Recently, more radio systems, such as GSM, WCDMA, HSPA, GPS, FM radio, Bluetooth, WiFi, and DVB-H have been integrated into mobile handset terminals because these “all in one” mobile terminals provide an “anytime, anywhere” access to information in an easy way for the end user. In fact, the market already requires this kind of terminals and some manufacturers have promptly reacted, for example, Nokia with its N95 and Apple with its iPhone3G. This creates new challenges to the semiconductor manufacturers, which should keep the stringent requirements for power consumption, silicon area, and time-to-market together with the increasing requirements for throughput and number of coexisting radio standards in a mobile phone terminal. Infineon Technologies provides its innovative SDR platform MuSIC (Multiple SIMD Cores) to meet the requirements. MuSIC is a DSP-centered and accelerator-assisted architecture [3]. The key attraction of the SDR concept is the ability to support multiple standards on the same chip by changing the software only and the feasibility to share the processing resources among several standards in case of a nonsimultaneous execution. In this work, we present an example implementation of a DVB-T/H receiver on the prototype of Infineon Technologies’ Software-Defined Radio platform MuSIC which aims at mass-market handset terminals.

The paper is organized as follows. Section 2 provides a system overview of a DVB-T/H receiver showing the main algorithmic functions comprising the baseband processing chain. The architecture of MuSIC and its programming model are introduced in Section 3. Section 4 investigates the computational requirements of DVB-T/H and its potential for parallelization on MuSIC. In Section 5, some conclusions and hints for the future work are given.

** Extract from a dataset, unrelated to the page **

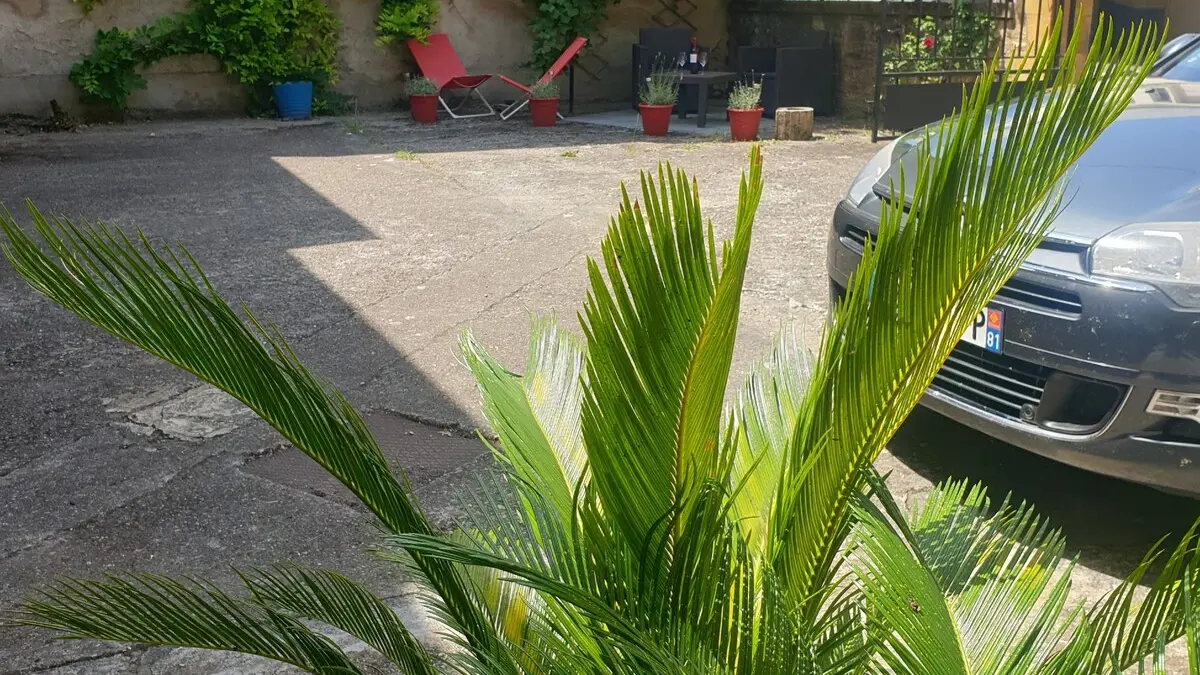 La Boetie a sarlat avec terrasse (1) 2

2. DVB-T/H Reciever Algorithms

In this work, we only consider the physical layer processing of the DVB-T/H receiver and omit all analog components, higher layer protocols, and application processing. The functional block diagram in Figure 1 shows a conventional DVB-T/H receiver structure. The RF signal is received by the receiver antenna, downconverted by the tuner circuitry, scaled by an Automatic Gain Control (AGC) circuitry, and then digitized by the Analog-to-Digital Converter (ADC). The baseband processor receives the digitized signal as complex samples from the ADC and delivers the descrambled MPEG transport stream to a higher layer protocol and application processor.

2.1. Synchronization and Fast Fourier Transformation

In a typical receiver, a pre-FFT acquisition stage is required to obtain the OFDM symbol timing, the OFDM symbol length, that is, size of the Fast Fourier Transformation (FFT), and the cyclic prefix length, where the latter two parameters are adjustable by the transmitter. The principle of the pre-FFT synchronization is based on the availability of the cyclic prefix in the OFDM symbols [4]. In addition, the carrier frequency offset (CFO) existing between the transmitter and the receiver is also partly estimated in this functional block, that is, only the fractional part of it, and compensated in time domain. Hence, only CFOs which are an integer value of the subcarrier spacing will remain in the OFDM signal. The recovered OFDM symbols are transformed by means of the FFT, which acts as a matched filter for the OFDM signal. The post-FFT synchronization obtains estimations for the integer part of the CFO and the initial sampling clock frequency offset (SCFO) in frequency domain, which are then compensated in time-domain OFDM signal in order to reduce Inter-Carrier Interference (ICI).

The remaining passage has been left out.